For the past week I’ve been wandering the streets of downtown Austin, seeing films around the clock at the SXSW Film Festival. Things are finally winding down so I thought I’d take a moment to share some thoughts with you. I’m torn over a favorite film this year, but getting the highest marks are the films listed below. Each is unique, but they provide a nice cross-section of where American indie cinema is today, or rather the current state of “mumblecore”.
I caught Dustin Guy Defa’s Bad Fever my first night here and I was absolutely blown away. The film is a metered and quiet yet forceful tale of one man’s struggle to be accepted, to find a friend. Kentucker Audley plays Eddie, a socially inept Utahan who meets Irene (Eléonor Hendricks), a manipulative vagabond, at the film’s outset. The two develop a troubled relationship, each using the other in turns. Kentucker, a filmmaker himself, delivers a performance that can stand up to any great American performance you can think of, including Marlon Brando’s Terry Malloy or Robert De Niro’s Travis Bickle.

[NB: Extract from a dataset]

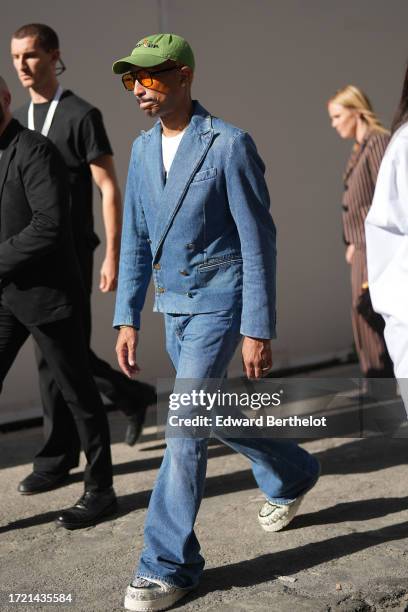 Pharrell Williams wears a green cap hat, a t-shirt, a blue denim double breasted jacket, flared jeans / denim pants, sneakers, outside Louis Vuitton,...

Another brilliant performance came from Greta Gerwig in The Dish and the Spoon. Director Alison Bagnall taps Gerwig’s raw energy to build her protagonist, Rose, a woman trying to put her life back together after her husband admits to cheating. While drinking and driving around Delaware, she finds a wayward British boy played by Olly Alexander. Both are lost and looking for the existence of love in the universe, though perhaps not within one another. Gerwig is something of an indie godess, only recently making a foray into multiplexes with Noah Baumbach’s Greenberg and the upcoming Arthur with Russell Brand. She is not just one of the best actors of our time, but of any time. She can go toe to toe with Katherine Hepburn, Lucille Ball, Ingrid Bergman, Meryl Streep…anyone. Her vigorousness is a sight to behold in Bagnall’s latest.
Finally, we have the apocalyptic love story Bellflower. It’s about two big-hearted demi-hipsters with a penchant for getting into trouble (they are building a flame thrower) and an obsession with Mad Max who meet girls who in turn become their undoing. It’s a simple tale of love and loss but told with a gritty stylization. Effected, dusty imagery pushed the point home that relationships can be brutal on one’s soul and sometimes on one’s own flesh. It is a stunning take on the conventions of understated Amer-indie mumblecore cinema.